# ASSIGNED TASK
The line that contains "Armbanduhr: luxuriöse und" marks the start. Please set it down, with every later line of the data, exactly and without pictures.

# DATA PROVIDED
========================
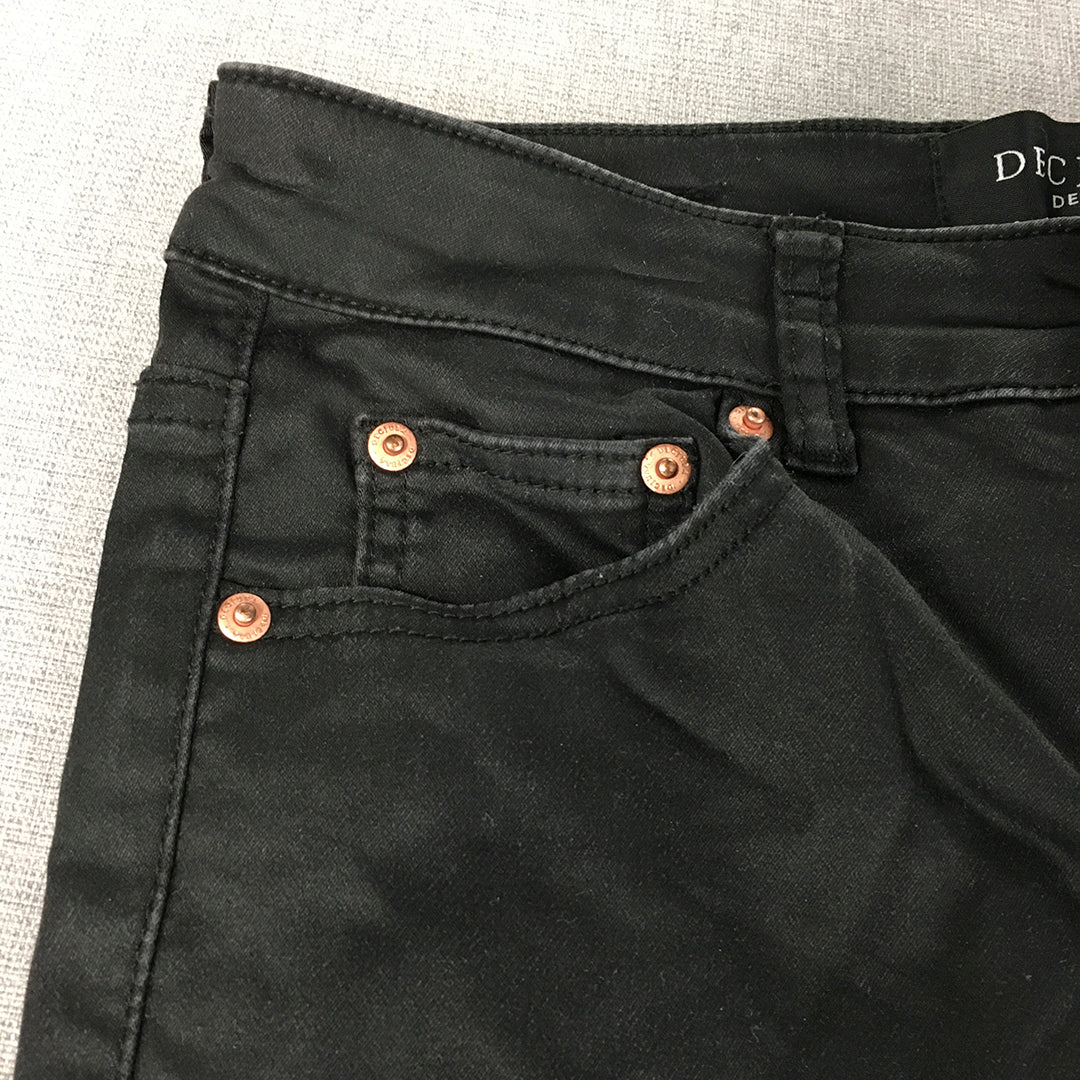 Decjuba Womens Skinny Jeans Size 10 (W26 x L25) Black Stretch Dark Wash Denim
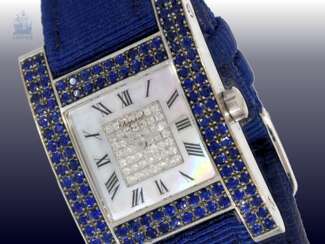 Armbanduhr: luxuriöse und sehr seltene Chopard Damenuhr Ref.13/6818-23 mit Diamant- und Saphirbesatz, Chopard "Your Hour Ladies" von 2001 mit Originalzertifikat
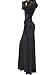 Vivicastle Solid V-Neck 3/4 Sleeve Wrap Waist Long Maxi Dress (Large, CH.Gray)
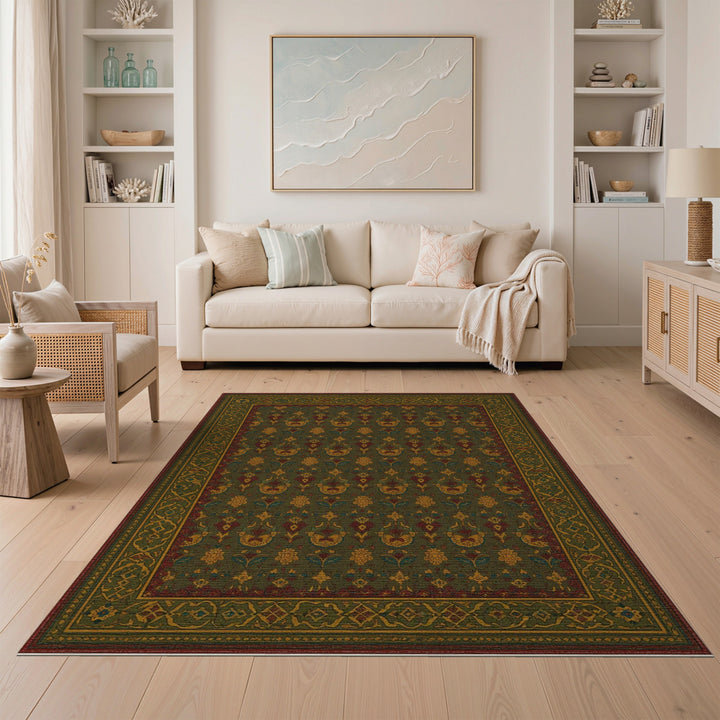 Green Persian Floral Area Rug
========================
# RESPONSE FOR THIS EXERCISE
 Armbanduhr: luxuriöse und sehr seltene Chopard Damenuhr Ref.13/6818-23 mit Diamant- und Saphirbesatz, Chopard "Your Hour Ladies" von 2001 mit Originalzertifikat
 Vivicastle Solid V-Neck 3/4 Sleeve Wrap Waist Long Maxi Dress (Large, CH.Gray)
 Green Persian Floral Area Rug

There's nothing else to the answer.